Y el dolor se volvió blanco, una huella de fuego sin voz en alguna parte de mi memoria. Pensé en el amor, en todas las cosas que me unían a C. y que había perdido. En las puertas cerradas de mi mente, en cada pequeño fragmento de historia que se había roto para siempre. Sentí el dolor como un peso físico que me obligaba a inclinar los hombros, a sostenerlo con dificultad. Un sufrimiento insoportable y mínimo, anidado en algún lugar de mi pecho, paralizandome, hiriendome, dejándome sin fuerzas. Y me pregunté si podría superarlo. Si alguna vez, podría sentir de nuevo deseos de amar de nuevo. Si tendría el valor de avanzar, a tropezones y a ciegas en el paisaje complejo de mi vida.

En una ocasión, había fotografiado a C. sentado en uno de nuestros lugares favoritos. Había sido un retrato casual, que ambos habíamos detestado un poco por superficial, sin mucha gracia. La imagen de un hombre joven despeinado al filo de una montaña imponente. Lo miré ahora con el dolor convirtiéndose en algo amargo y abrumador. Cerrándome la garganta, recorriendome en lentas oleadas carmesí. Apreté la fotografía entre los dedos y tuve la sensación que también atrapaba el recuerdo que atesoraba. Los besos que vinieron después, el amor que hubo luego, a mitad de camino entre la pasión y una gradual paciencia. Y pensé de nuevo en la niña que había sostenido unos viejos cubiertos de madera, pensando en el vacío, en los dolores y en el temor. En la belleza de la nostalgia.

Los ojos se me llenaron de lágrimas. Miré de nuevo al chico de la foto. Al hombre que había amado. A la historia y rota. Y pensé que lo quería tanto, a ese recuerdo, a ese futuro, como para abandonarlo. Como para llorar sobre las cenizas tibias y después, continuar caminando. Que necesitaba levantar las manos y arrojar al viento los trozos de las historias perdidas. De los viejos dolores y angustias.

¿Quienes somos más allá de nuestras historias? me pregunté mientras guardaba con cuidado todos los objetos, imágenes y pequeños recuerdos que habían construído cuatro años de vida en común. ¿Quienes somos más allá de nuestros pequeños pensamientos a fragmentos? ¿De esta necesidad de soñar y crear? No lo sé, me dije atando el pequeño paquete con dedos temblorosos. Pero desde luego, estaba a punto de averiguarlo.

***


Mi tia E. me miró un poco desconcertada cuando le extendí el paquete con gesto firme. Lo tomó sosteniendolo con un gesto delicado que le agradecí. Sentí una presión casi física cuando lo dejé ir. Como si perdiera una parte de mi identidad que era incapaz de definir en realidad.

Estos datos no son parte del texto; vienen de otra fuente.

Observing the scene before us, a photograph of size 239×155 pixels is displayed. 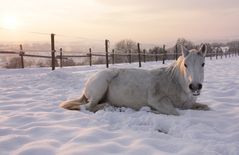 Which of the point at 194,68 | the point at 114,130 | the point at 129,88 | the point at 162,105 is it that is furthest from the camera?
the point at 129,88

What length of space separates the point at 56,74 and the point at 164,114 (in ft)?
21.7

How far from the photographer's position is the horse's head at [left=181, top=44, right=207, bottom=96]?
5.03m

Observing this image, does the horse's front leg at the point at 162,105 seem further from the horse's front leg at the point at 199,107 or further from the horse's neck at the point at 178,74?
the horse's front leg at the point at 199,107

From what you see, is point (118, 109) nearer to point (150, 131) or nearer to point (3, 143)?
point (150, 131)

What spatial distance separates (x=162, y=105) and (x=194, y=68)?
816mm

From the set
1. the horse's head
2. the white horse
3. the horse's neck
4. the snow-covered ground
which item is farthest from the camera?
the horse's neck

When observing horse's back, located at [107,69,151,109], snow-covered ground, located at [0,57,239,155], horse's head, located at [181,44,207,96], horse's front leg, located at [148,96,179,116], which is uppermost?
horse's head, located at [181,44,207,96]

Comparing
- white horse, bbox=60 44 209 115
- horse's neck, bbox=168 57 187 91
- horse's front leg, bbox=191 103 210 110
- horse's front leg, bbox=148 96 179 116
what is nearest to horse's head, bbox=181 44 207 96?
white horse, bbox=60 44 209 115

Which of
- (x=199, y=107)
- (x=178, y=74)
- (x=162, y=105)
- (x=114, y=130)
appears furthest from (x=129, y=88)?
(x=114, y=130)

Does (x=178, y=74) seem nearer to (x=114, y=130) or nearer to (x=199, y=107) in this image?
(x=199, y=107)

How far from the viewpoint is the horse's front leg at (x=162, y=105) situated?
546cm

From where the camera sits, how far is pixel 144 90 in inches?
231

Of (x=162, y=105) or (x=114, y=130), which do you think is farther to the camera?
(x=162, y=105)

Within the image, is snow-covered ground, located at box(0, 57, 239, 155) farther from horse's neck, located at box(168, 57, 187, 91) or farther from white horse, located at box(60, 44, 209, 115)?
horse's neck, located at box(168, 57, 187, 91) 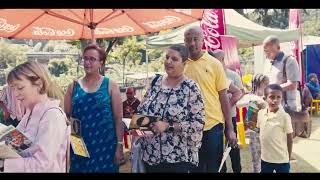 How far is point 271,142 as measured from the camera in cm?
362

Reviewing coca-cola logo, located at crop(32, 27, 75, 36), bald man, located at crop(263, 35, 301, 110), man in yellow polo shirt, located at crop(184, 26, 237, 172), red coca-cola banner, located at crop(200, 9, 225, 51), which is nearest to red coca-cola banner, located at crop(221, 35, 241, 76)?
red coca-cola banner, located at crop(200, 9, 225, 51)

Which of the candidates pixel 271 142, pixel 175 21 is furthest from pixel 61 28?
pixel 271 142

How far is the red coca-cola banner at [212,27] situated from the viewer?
3.74m

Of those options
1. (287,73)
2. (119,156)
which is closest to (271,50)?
(287,73)

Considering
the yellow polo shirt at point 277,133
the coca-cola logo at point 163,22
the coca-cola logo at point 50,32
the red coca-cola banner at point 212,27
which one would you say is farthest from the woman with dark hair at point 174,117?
the coca-cola logo at point 50,32

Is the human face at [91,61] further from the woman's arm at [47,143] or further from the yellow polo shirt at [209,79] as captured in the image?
the yellow polo shirt at [209,79]

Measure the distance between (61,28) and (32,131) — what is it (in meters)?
1.29

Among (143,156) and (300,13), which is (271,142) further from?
(300,13)

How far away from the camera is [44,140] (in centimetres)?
279

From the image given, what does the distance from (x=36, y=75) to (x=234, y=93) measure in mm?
1643

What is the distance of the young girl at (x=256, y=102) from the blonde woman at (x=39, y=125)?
160 centimetres

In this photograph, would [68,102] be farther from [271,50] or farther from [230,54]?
[271,50]

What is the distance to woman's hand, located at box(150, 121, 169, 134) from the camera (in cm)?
303

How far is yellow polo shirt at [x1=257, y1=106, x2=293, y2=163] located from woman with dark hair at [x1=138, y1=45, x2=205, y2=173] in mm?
768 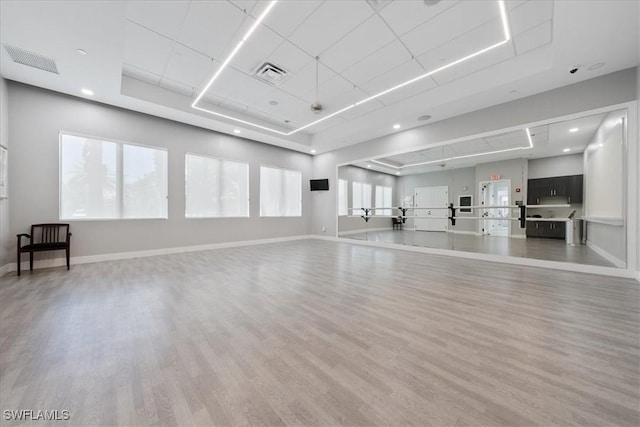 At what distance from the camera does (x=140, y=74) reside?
4836 millimetres

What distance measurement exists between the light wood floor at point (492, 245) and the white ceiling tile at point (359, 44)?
16.6ft

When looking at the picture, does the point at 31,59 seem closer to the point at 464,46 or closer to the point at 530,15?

- ¿Una historia? - dijo tia. Apreté los labios. Quise hablarle de los besos, de las caricias, de las palabras perdidas y encontradas. De dolor quemante, del placer radiante. De los silencios, de las discusiones. De las habitaciones con olor a mañana y las noches mirándonos entre las sombras.

No lo hice.

- Muchas - contesté. Tia asintió y acarició el paquete con dedos delicados.
- Yo la conservaré.

Miré el paquete, bien guardado en su biblioteca, perdido entre decenas de objetos que no reconocí. Lo miré y tuve un último impulso de recuperarlo. De acunarlo contra mi pecho, de sentir por última vez la punzante belleza de todo lo que había sido. Pero no lo hice. Me quedé de pie, con los brazos apretados contra el pecho. La respiración agitada de pudo dolor. Tia cerró la puerta de la habitación.

- ¿Estás bien? - pregunto.
- Lo estaré - le respondí.

Y sonreí al hacerlo. Una pequeña sensación de libertad.